• **MATERIAL PROVIDED**
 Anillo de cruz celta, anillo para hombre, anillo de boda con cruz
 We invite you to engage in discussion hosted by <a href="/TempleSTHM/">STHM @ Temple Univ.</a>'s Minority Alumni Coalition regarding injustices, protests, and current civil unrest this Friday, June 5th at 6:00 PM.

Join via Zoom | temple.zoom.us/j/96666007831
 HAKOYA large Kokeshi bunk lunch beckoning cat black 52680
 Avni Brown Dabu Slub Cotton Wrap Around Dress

...

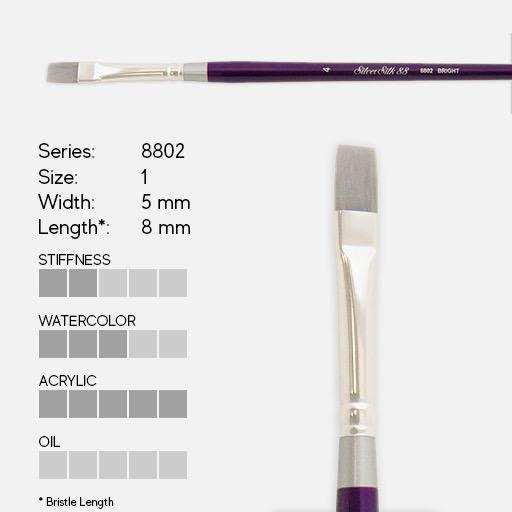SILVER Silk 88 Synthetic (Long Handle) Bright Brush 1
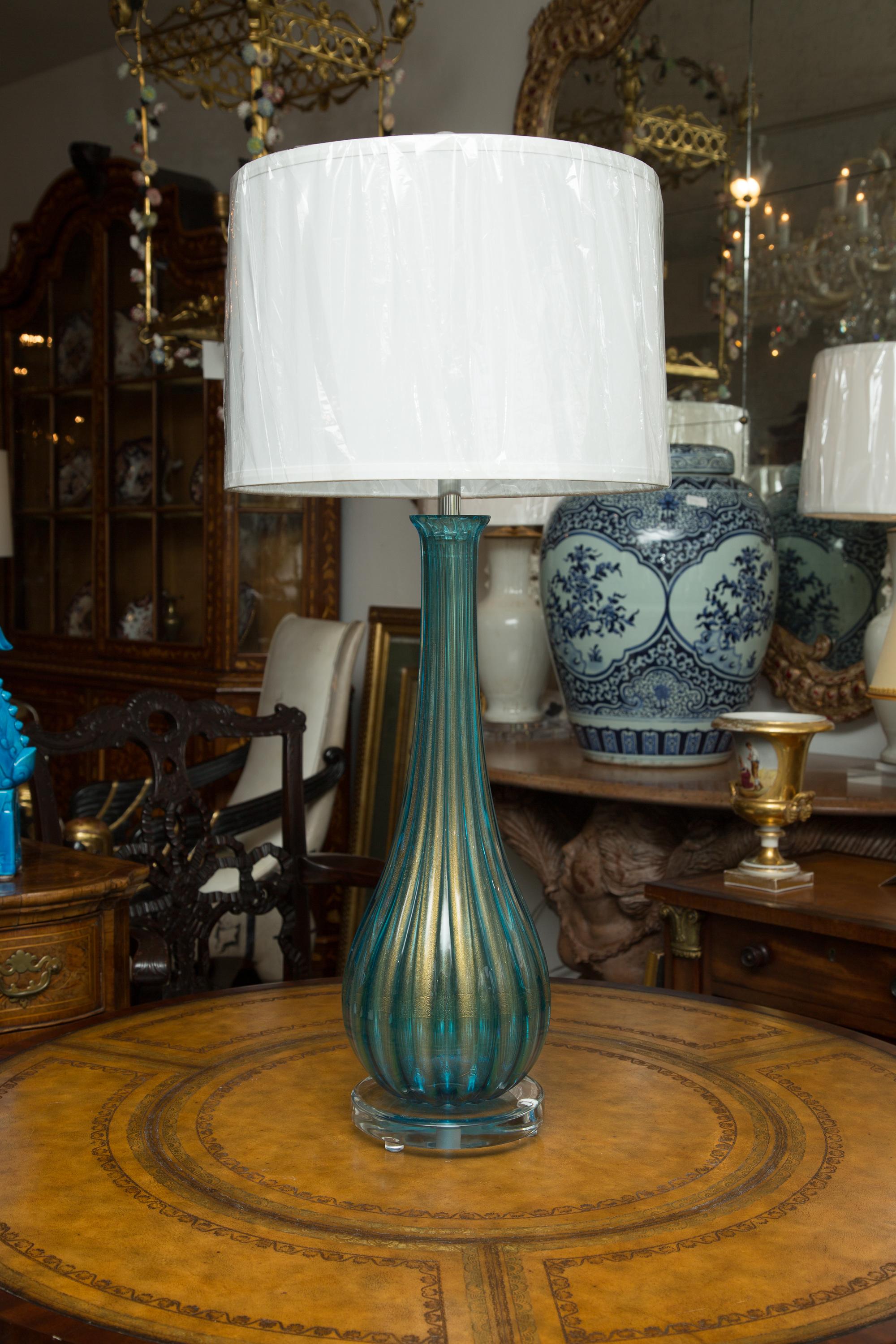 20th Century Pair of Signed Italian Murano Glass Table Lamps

• **EXERCISE INSTRUCTIONS**
From the records above, print only the lines between the one holding "We invite you" and the one holding "Avni Brown Dabu", inclusive, exactly as they stand.

• **RESPONSE TO THE EXERCISE**
 We invite you to engage in discussion hosted by <a href="/TempleSTHM/">STHM @ Temple Univ.</a>'s Minority Alumni Coalition regarding injustices, protests, and current civil unrest this Friday, June 5th at 6:00 PM.

Join via Zoom | temple.zoom.us/j/96666007831
 HAKOYA large Kokeshi bunk lunch beckoning cat black 52680
 Avni Brown Dabu Slub Cotton Wrap Around Dress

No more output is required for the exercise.